Water is, as every person knows, vital to us all. It hydrates and cleans us as well as to help cook our food. It’s about as vital to our health and as the air we breathe in and yet, on a day to day basis we really don’t give it much thought at all. We turn on a tap and blindingly expect it to magically gush out. We’re even so used to the many flavours it can be mixed with for it to become apparent that many of us might not even drink it in its most stable and uniform state.
It really is only when your body becomes deprived of it for whatever reason that you begin to understand it’s special, almost mystical hold it can throw over you and when you do indeed take a lovingly long mouthful of the stuff, well it’s an unbelievable feeling.
But get it wrong and it can be the stuff of nightmares and this is why so important to understand what constitutes a great source of water and secondly, how to treat it effectively before letting it work its magic.
I often find that one of the questions I get asked is simply, “where do I get my water”.
It’s a simple question and the short answer is equally simple; everywhere. There have been very, very few places which I have travelled through where safe water, be it for cooking or drinking has been especially hard to come by. There is always somewhere where water is available, even in seemingly isolated places and, as long as you don’t have a problem asking someone, you’ll never have a problem and won’t suffer a state of thirst quenching madness
In places in the developed world, it’s usually no problem in simply finding a public tap, be it in a public square or a cemetery and drinking straight from there whereas in developing nations, some kind of treatment is often necessary and never something to second guess.
There are of course a great deal of other ways to obtain your daily intake of water when not in the vicinity of town or village and this is where developing an eye for what might hydrate you and what might make you resoundingly ill comes in.
WHERE TO GET IT
Above the tree line
As long as you’re high up enough and above anywhere where the source of the water could run through any type of farming activity, it’s usually safe to drink and in fact I myself have never had any problems doing so.
When in a national park and although surrounded by a vast emptiness, I think it’s usually wise to veer onto the side of caution and treat the water appropriately. If it’s a fast flowing river, stream or large lake you still have no idea what’s actually gone into the water beforehand or indeed if it’s flowed through any farms further away.
The world is crammed full of people and animals and its getting metaphorically smaller all the time and so outside of the aforementioned places its only right that you should treat the water beforehand as you simple can never be sure and it’s always better to be safe rather than sorry.
I've found that a cemetery really is a great place to get water from, be that water for drinking or eating. This is true for the Western world. I've yet to find a cemetery on my travels in Europe where the communal tap wasn't connected to the main water network.
Use your imagination
Use your imagination
You can find water almost everywhere if you just know where to look and aren't afraid of asking. Sometimes there isn't anyone to ask so just go ahead and fill up.
Cycling along, you can see that a lot of homes have water taps outside for the garden and a quick knock on the door ask if it's okay to fill up is all that is needed.

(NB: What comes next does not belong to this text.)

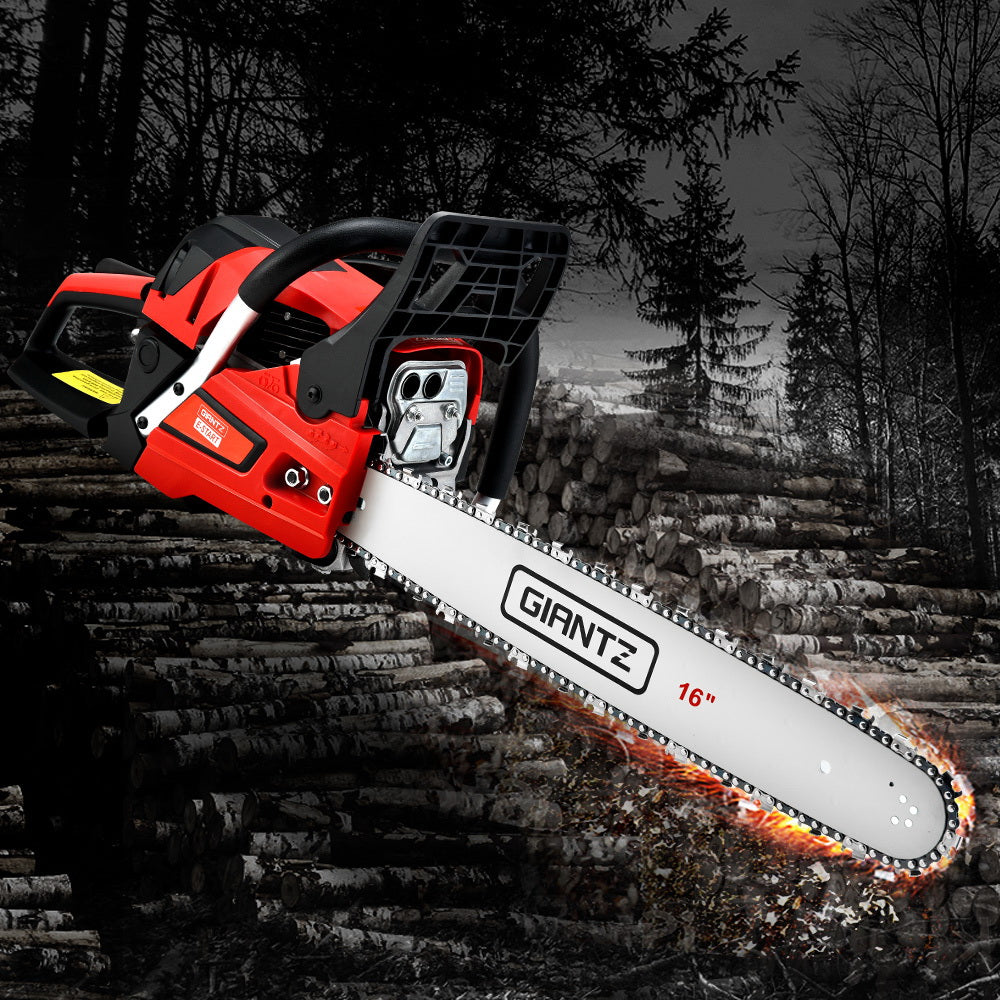 Giantz Chainsaw Petrol 45CC 16" Bar Commercial E-Start Pruning Chain Saw 1.7kW-Tools > Power Tools-PEROZ Accessories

On the other hand, almost every garage of any description has a water tap outside. At these places, and as they see you walking across the forecourt with your bike, they understandably already know what you need thus a wave of the hand in acknowledgment is all that is needed usually.
This is true of most countries but there are some standouts here. Every village and town in Switzerland has a communal fountain and these are true lifesavers when on a bike. Not only can you fill up with the freshest and coldest water there is, you can also freshen up your face, hair and body.
How to treat it
Depending on where you are in the world, where you actually got your water from and indeed how you intend to use it, there are a few methods you can use to treat it. These can range from simple chloride dioxide tablets or solution’s to hand pumped water filters right the way through to simply boiling the water. They all have their respective pros and cons and thus using all of them at some point will usually compensate for whatever area you’re in, what you have available in order to treat said water and what you’re using it for.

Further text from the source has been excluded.